**Assigned task**
Exclude the pictures and reproduce the remaining data exactly as written.

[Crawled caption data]
•••••

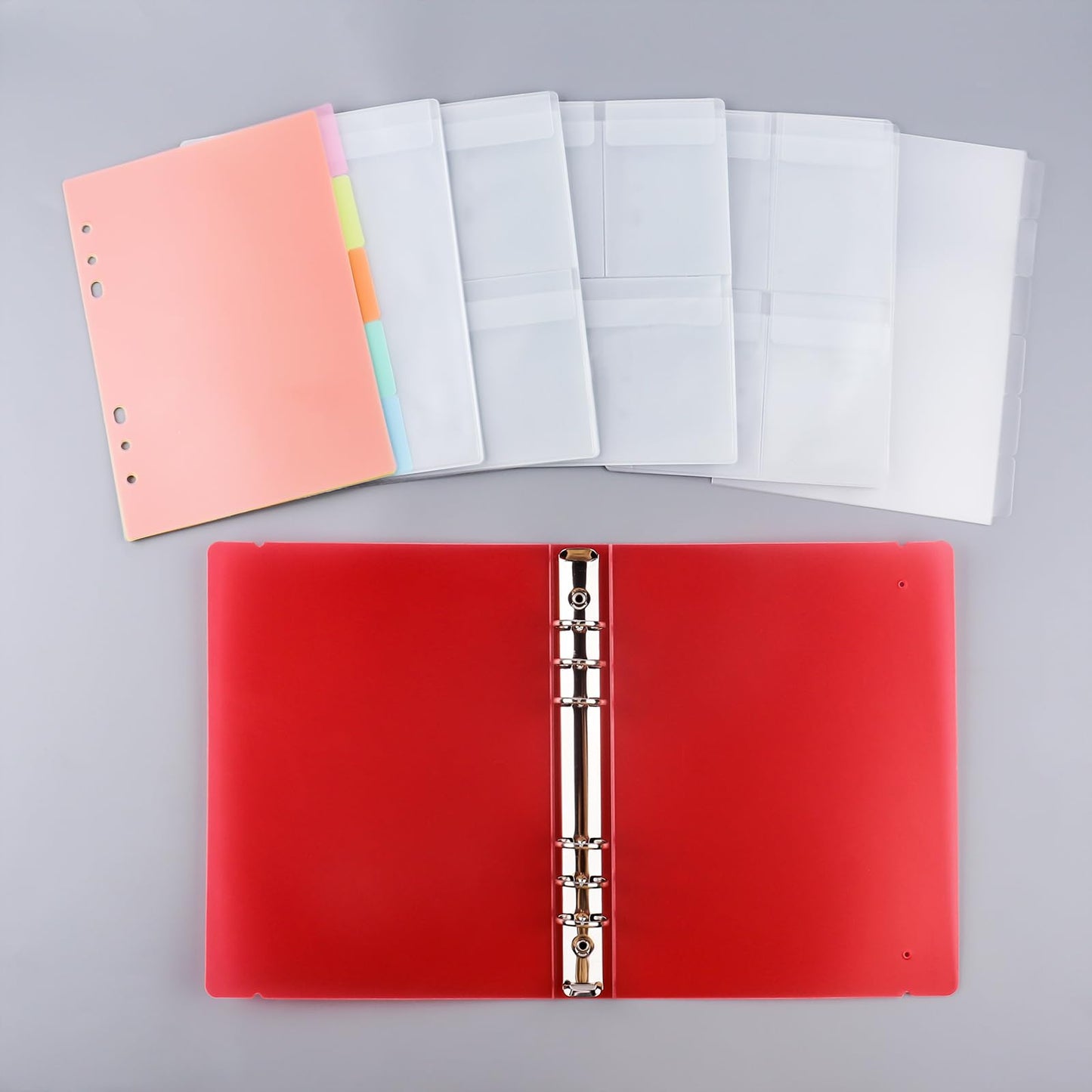 BAOFALI A5 6 Ring Die Storage Book Binder Die and Stamp Storage Folder Page Protectors 1 Cover with 25 Sheets Pockets Set Organizer Collection Case Template Holder DIY Scrapbooking Storing（Red）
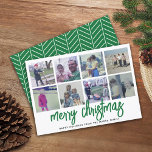 Cartes Pour Fêtes Annuelles 8 Collage photo - Joyeux Motif vert de Noël<br><div class="desc">Utilisez huit photos carrés et faites un accueil unique et branché Joyeux Noël avec un simple motif au dos. Si vous avez besoin de déplacer quelque chose,  cliquez sur le bouton personnaliser pour apporter des modifications.</div>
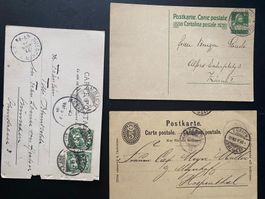 1889 + 1904 Zürich - Hospenthal bzw.München + Tell Pstkarte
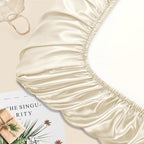 Manyshofu Satin Pillowcases for Hair Protection - 2Pcs Beige Pillow Cases, Elastic Band Standard & Queen Satin Pillowcases Luxury Silky Pillow Cases Travel Pillow Covers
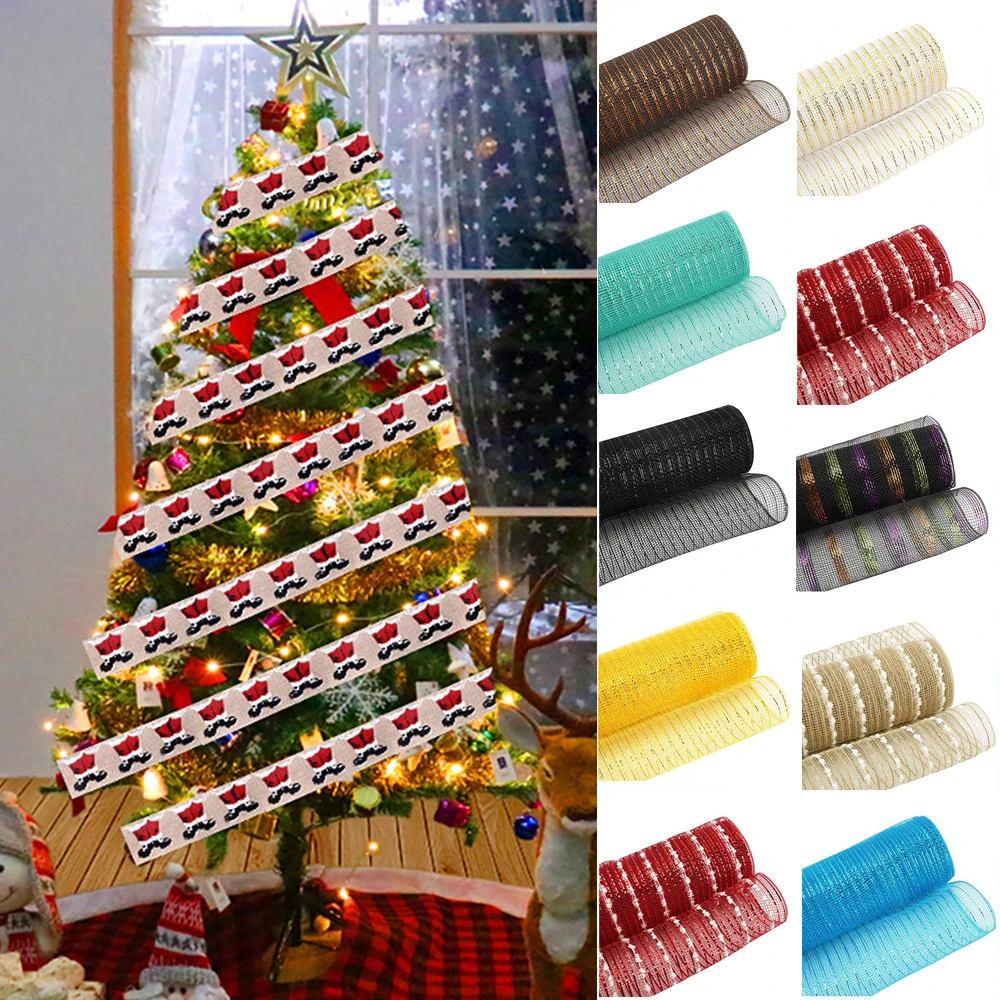 26cm 10 Yards Gold Sliver Christmas Flower Wreath Mesh DIY Xmas Tree Ribbon Decoration Wedding Christmas Gift Wrapping Ribbon
26cm 10 Yards Gold Sliver Christmas Flower Wreath Mesh DIY Xmas Tree Ribbon Decoration Wedding Christmas Gift Wrapping Ribbon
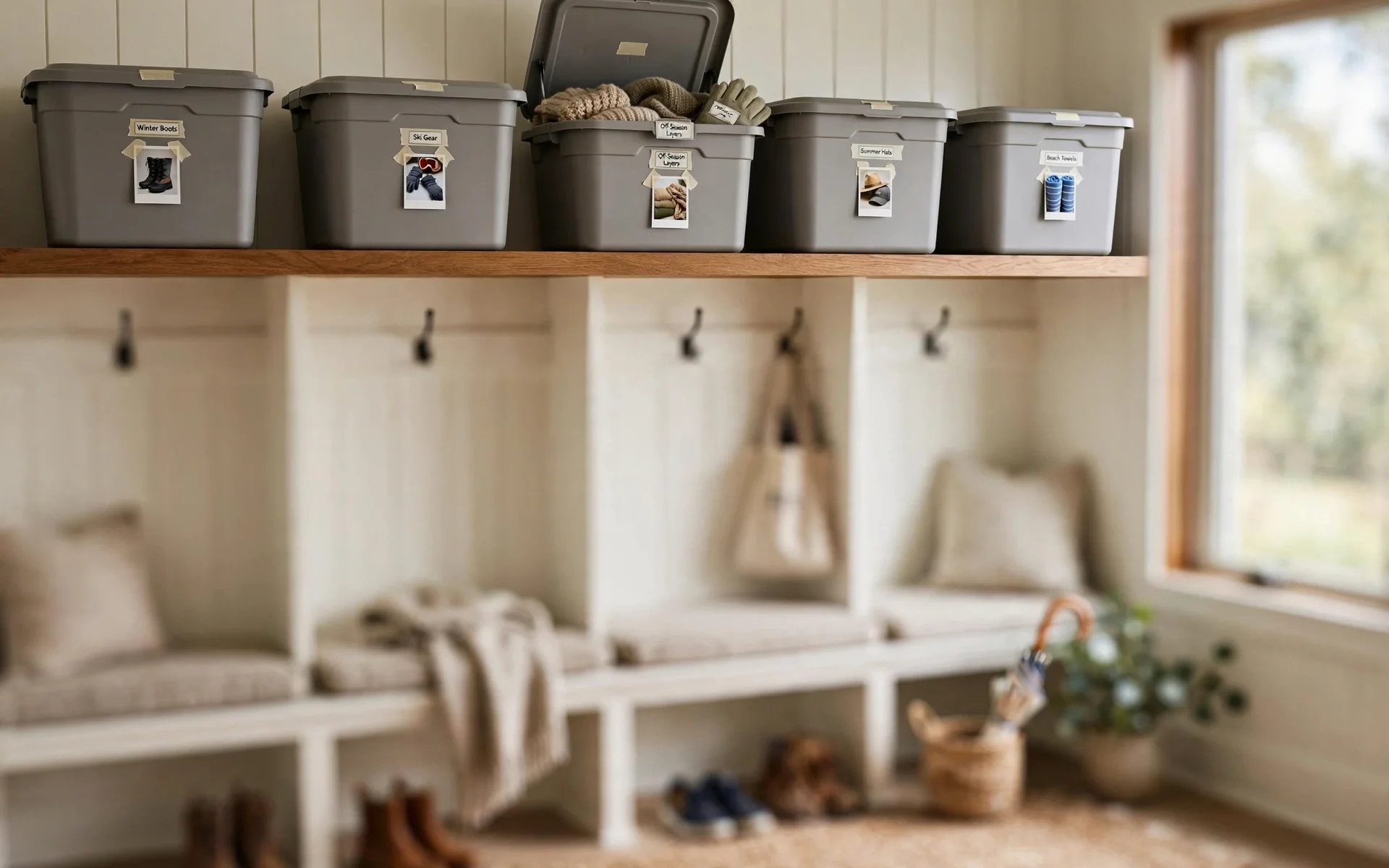 Labeled storage bins on a top shelf for seasonal rotation in a mudroom, maintenance mudroom ideas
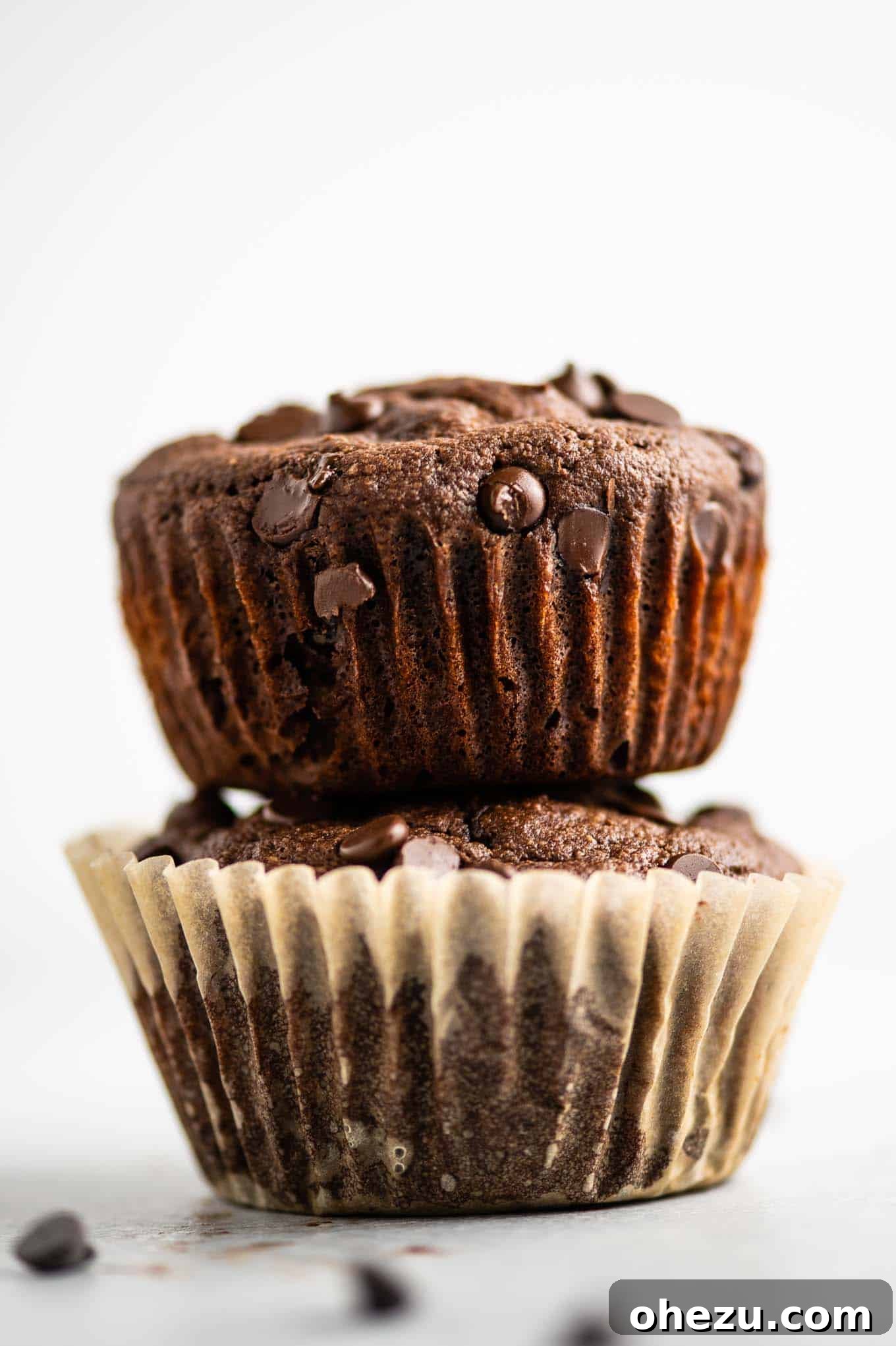 Unbelievably Delicious Gluten Free Chocolate Muffins 3 Two perfectly baked gluten-free chocolate muffins, stacked enticingly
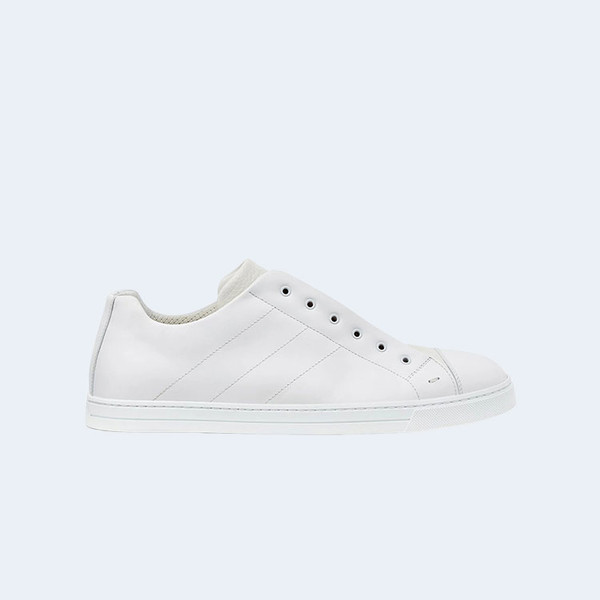 펜디 로고 크로스 밴드 화이트 슬립온 스니커즈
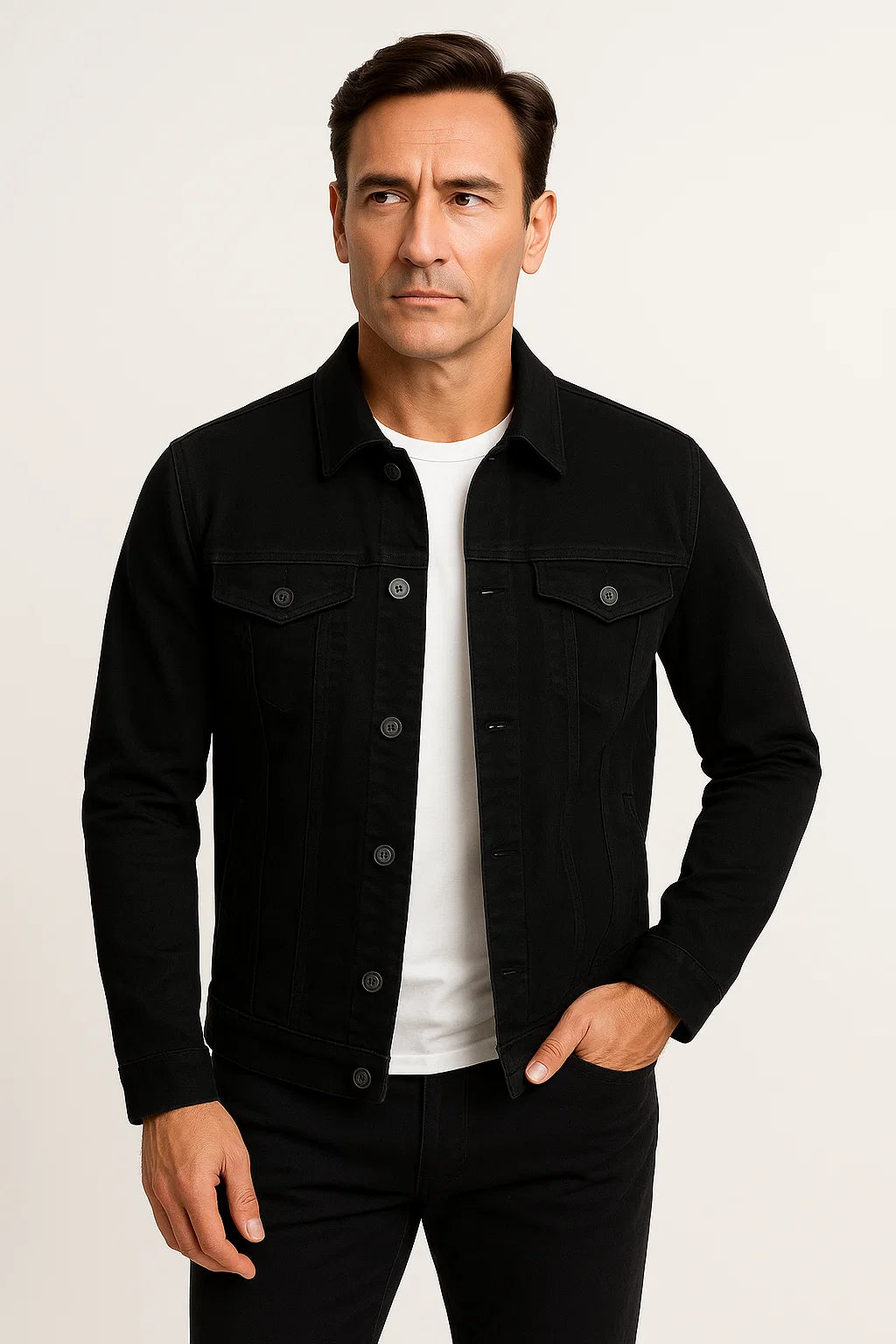 Men's Casual Jacket Cotton Blend Smart-Casual Comfortable Fit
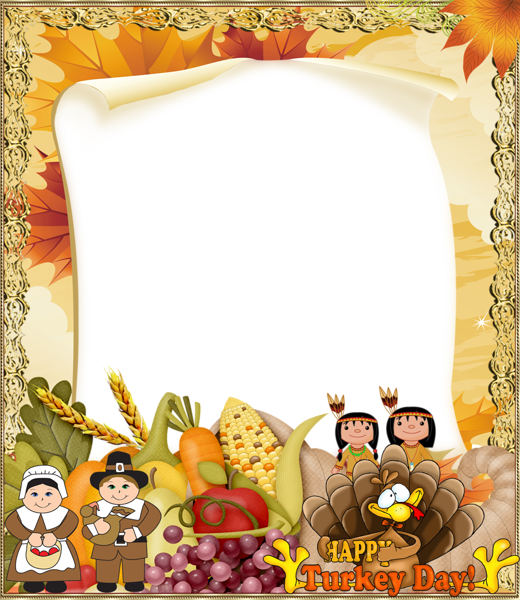 This png image - Thanksgiving PNG Photo Frame, is available for free download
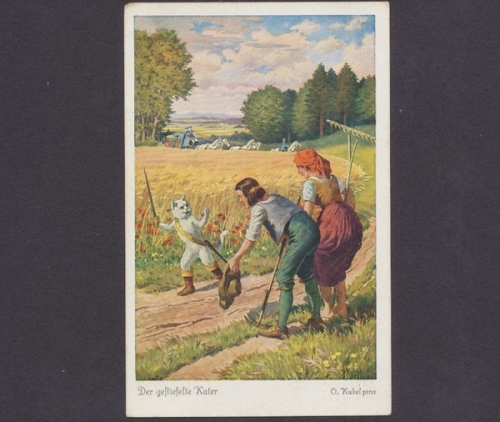 Der gestiefelte Kater, O. Kubel, Nr. 4291, Beschreibung des Bildes auf der Rückseite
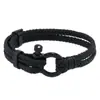 Pulseira Masculina Trançada Nova Moda Europeia e Americana Cruzada Fivela Simples Casual de Ferradura Pulseira Trançada de Couro Ajustável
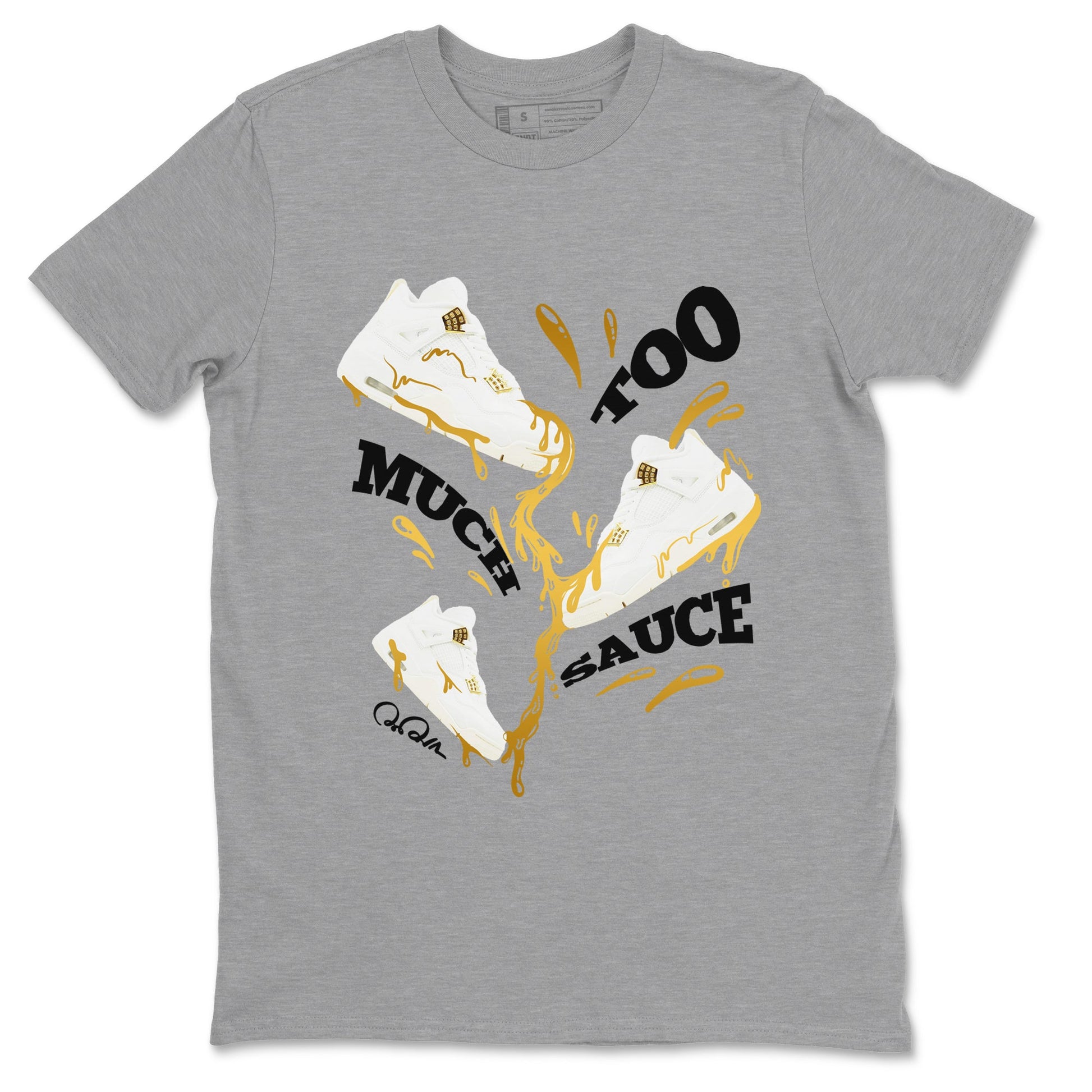 4s Sail shirt to match jordans Too Much Sauce sneaker tees Air Jordan 4 Sail SNRT Sneaker Release Tees unisex cotton Heather Grey 2 crew neck shirt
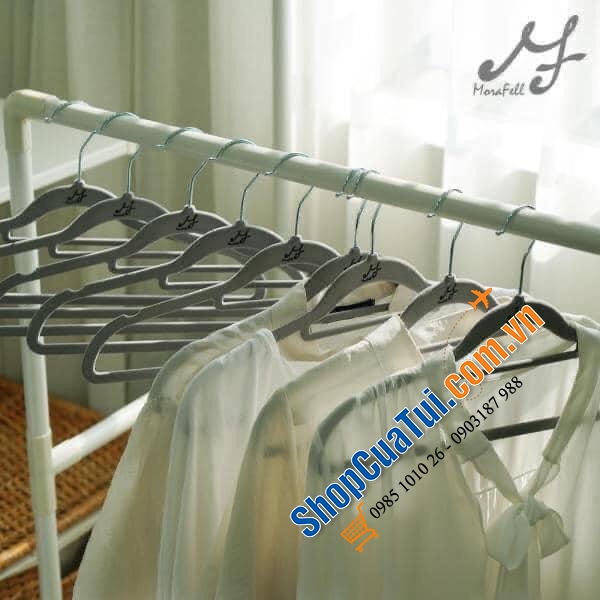 MẮC ÁO PHỦ NHUNG MORAFELL NON-SLIP set 50 chiếc - móc quần áo phủ nhung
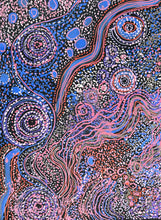 Load image into Gallery viewer, Close view of intricate dot patterns in Piltati Tjukurpa painting by Rhoda Tjitayi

•••••

**Final answer**
 BAOFALI A5 6 Ring Die Storage Book Binder Die and Stamp Storage Folder Page Protectors 1 Cover with 25 Sheets Pockets Set Organizer Collection Case Template Holder DIY Scrapbooking Storing（Red）
 Cartes Pour Fêtes Annuelles 8 Collage photo - Joyeux Motif vert de Noël<br><div class="desc">Utilisez huit photos carrés et faites un accueil unique et branché Joyeux Noël avec un simple motif au dos. Si vous avez besoin de déplacer quelque chose,  cliquez sur le bouton personnaliser pour apporter des modifications.</div>
 1889 + 1904 Zürich - Hospenthal bzw.München + Tell Pstkarte
 Manyshofu Satin Pillowcases for Hair Protection - 2Pcs Beige Pillow Cases, Elastic Band Standard & Queen Satin Pillowcases Luxury Silky Pillow Cases Travel Pillow Covers
 26cm 10 Yards Gold Sliver Christmas Flower Wreath Mesh DIY Xmas Tree Ribbon Decoration Wedding Christmas Gift Wrapping Ribbon
26cm 10 Yards Gold Sliver Christmas Flower Wreath Mesh DIY Xmas Tree Ribbon Decoration Wedding Christmas Gift Wrapping Ribbon
 Labeled storage bins on a top shelf for seasonal rotation in a mudroom, maintenance mudroom ideas
 Unbelievably Delicious Gluten Free Chocolate Muffins 3 Two perfectly baked gluten-free chocolate muffins, stacked enticingly
 펜디 로고 크로스 밴드 화이트 슬립온 스니커즈
 Men's Casual Jacket Cotton Blend Smart-Casual Comfortable Fit
 This png image - Thanksgiving PNG Photo Frame, is available for free download
 Der gestiefelte Kater, O. Kubel, Nr. 4291, Beschreibung des Bildes auf der Rückseite
 Pulseira Masculina Trançada Nova Moda Europeia e Americana Cruzada Fivela Simples Casual de Ferradura Pulseira Trançada de Couro Ajustável
 4s Sail shirt to match jordans Too Much Sauce sneaker tees Air Jordan 4 Sail SNRT Sneaker Release Tees unisex cotton Heather Grey 2 crew neck shirt
 MẮC ÁO PHỦ NHUNG MORAFELL NON-SLIP set 50 chiếc - móc quần áo phủ nhung
 Load image into Gallery viewer, Close view of intricate dot patterns in Piltati Tjukurpa painting by Rhoda Tjitayi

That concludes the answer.